## TO DO
Your output should be an exact copy of the records, with no pictures in it.

## MATERIAL SHOWN
*** Begin section ***

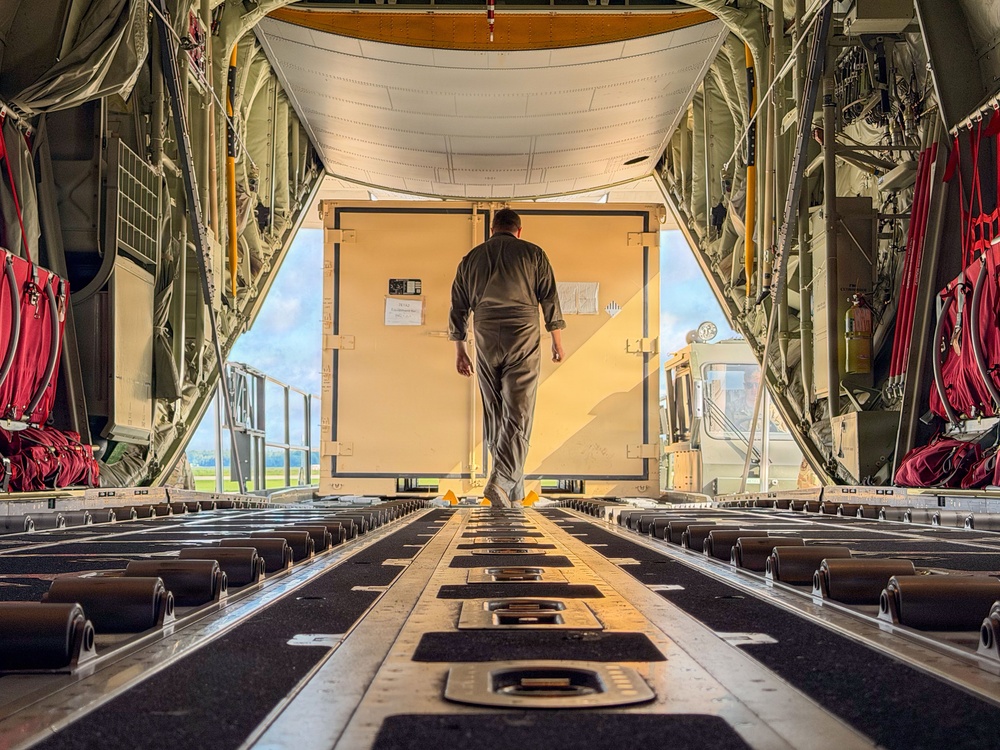 The image shows the interior of a military cargo aircraft, viewed from the rear looking toward the open aft ramp. A single person in gray flight suit or coveralls is walking toward a large pale-yellow cargo container positioned at the ramp opening. The scene appears to be during a loading or inspection operation on an airfield.
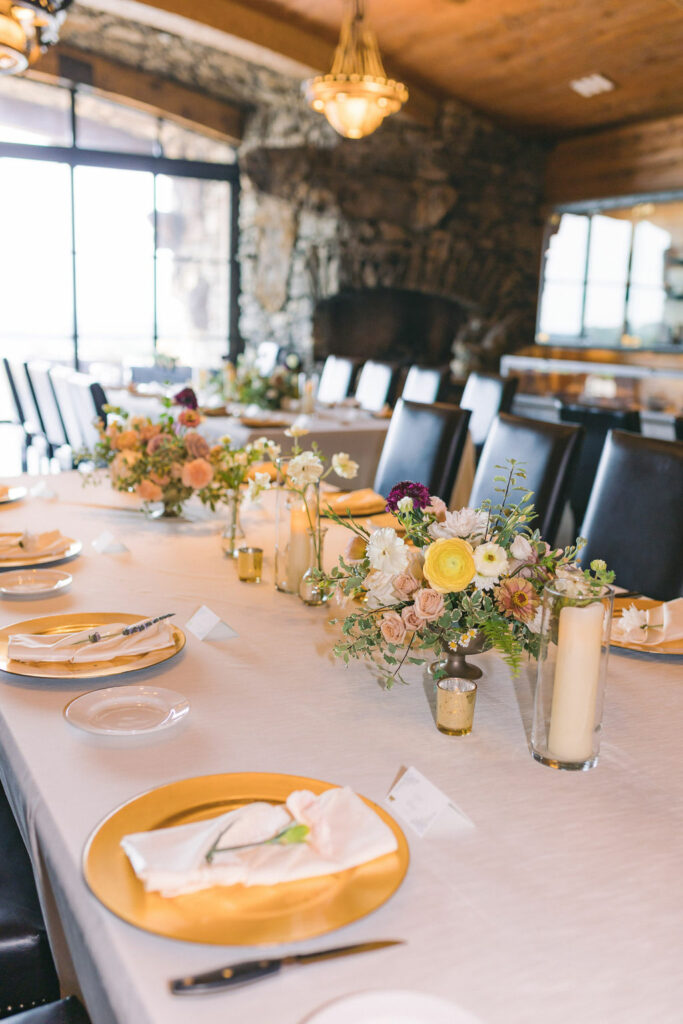 Two floral arrangements on rectangular guest table for a Big Cedar Wedding.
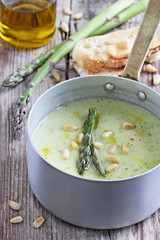 Asparagus cream soup with pine nuts and asparagus topping
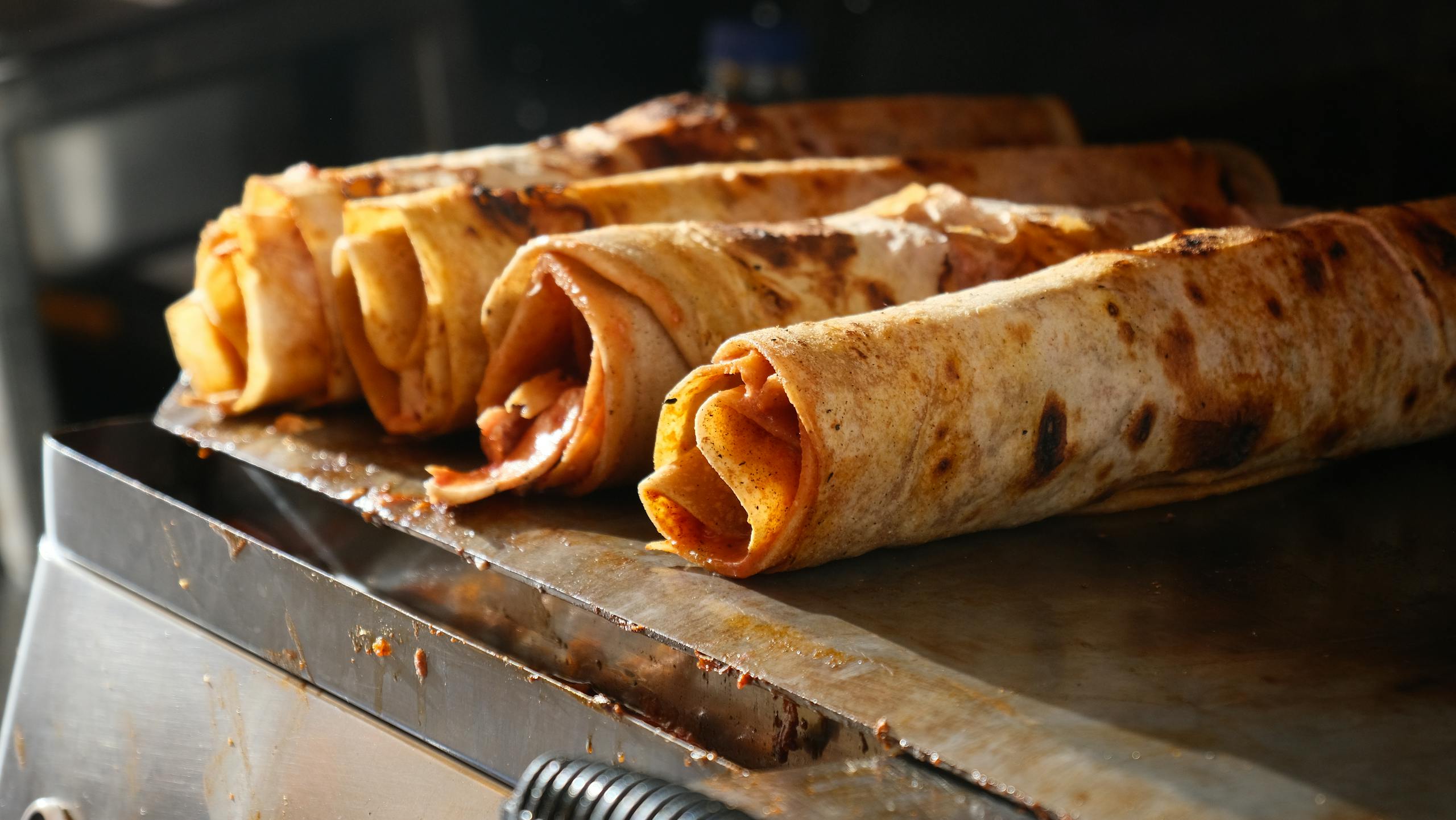 Close-up of traditional Turkish Dürüm wraps being grilled, showcasing delicious street food.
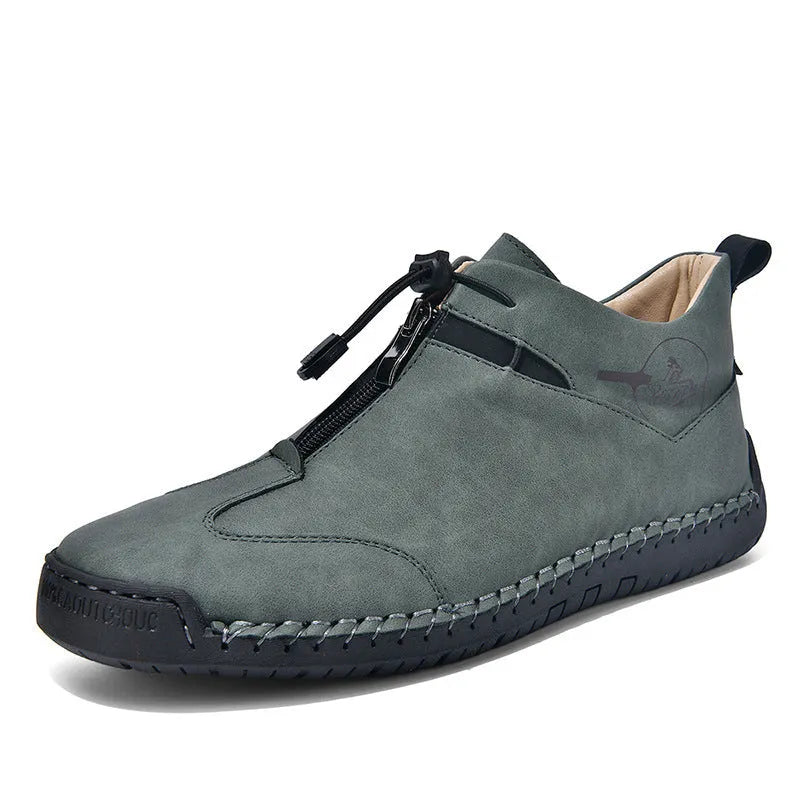 Men's black casual leather shoes with a round toe and mid-height rubber sole.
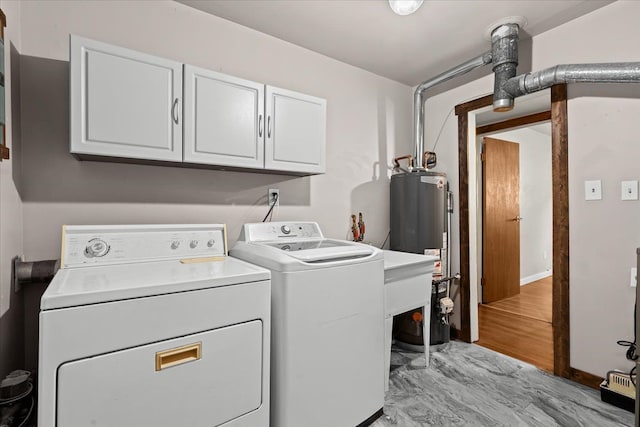 laundry area with cabinet space, washer and dryer, and gas water heater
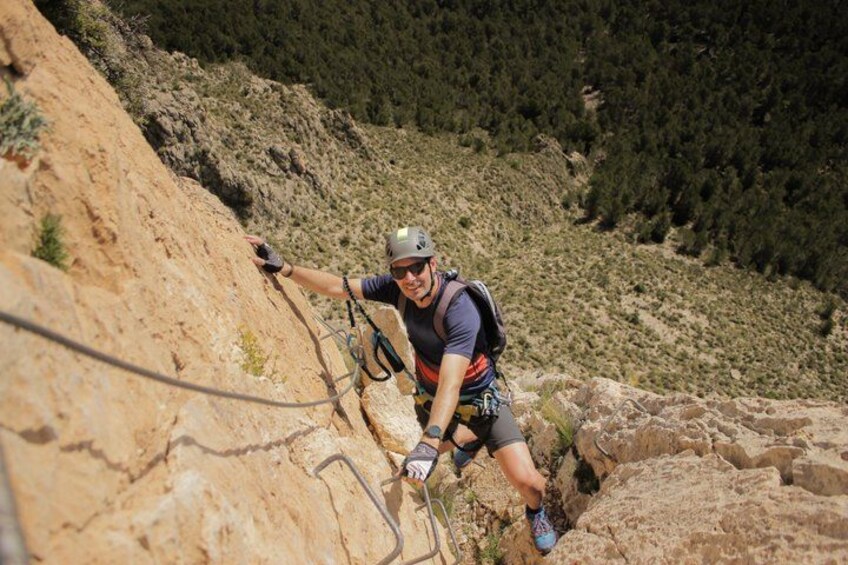 A person rock climbing on a rocky mountain. 5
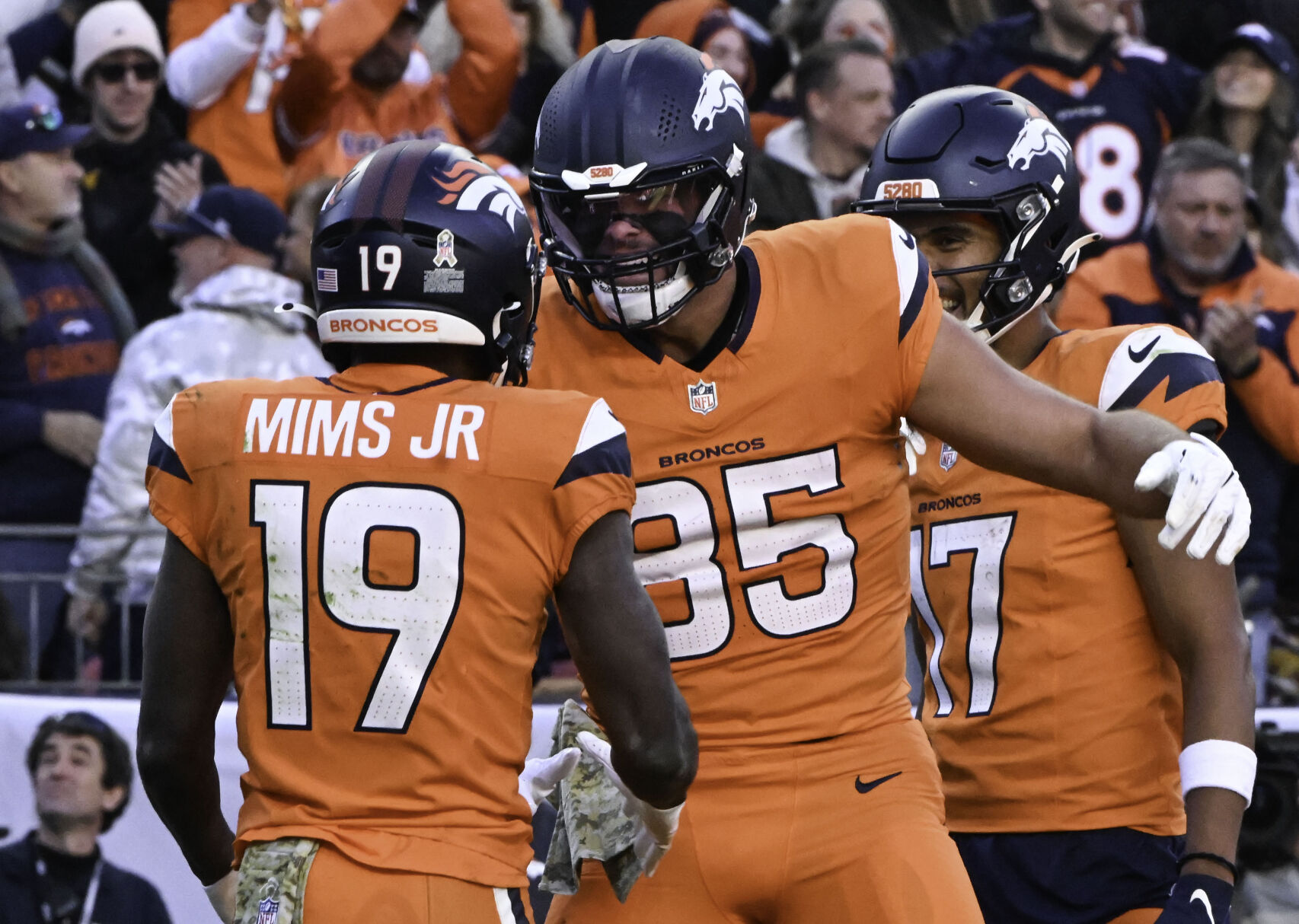 Denver Broncos tight end Lucas Krull (85) celebrates with Denver Broncos wide receiver Marvin Mims Jr. (19) after Mims scored a touchdown during a game against the Falcons at Empower Field at Mile High on Sunday, Nov. 17, 2024. (Jerilee Bennett,The Gazette)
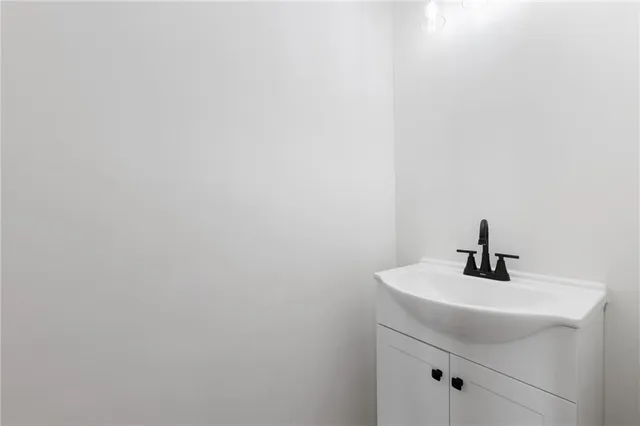 a bathroom with a sink and mirror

*** End section ***

## OUTPUT OF THE EXERCISE
 The image shows the interior of a military cargo aircraft, viewed from the rear looking toward the open aft ramp. A single person in gray flight suit or coveralls is walking toward a large pale-yellow cargo container positioned at the ramp opening. The scene appears to be during a loading or inspection operation on an airfield.
 Two floral arrangements on rectangular guest table for a Big Cedar Wedding.
 Asparagus cream soup with pine nuts and asparagus topping
 Close-up of traditional Turkish Dürüm wraps being grilled, showcasing delicious street food.
 Men's black casual leather shoes with a round toe and mid-height rubber sole.
 laundry area with cabinet space, washer and dryer, and gas water heater
 A person rock climbing on a rocky mountain. 5
 Denver Broncos tight end Lucas Krull (85) celebrates with Denver Broncos wide receiver Marvin Mims Jr. (19) after Mims scored a touchdown during a game against the Falcons at Empower Field at Mile High on Sunday, Nov. 17, 2024. (Jerilee Bennett,The Gazette)
 a bathroom with a sink and mirror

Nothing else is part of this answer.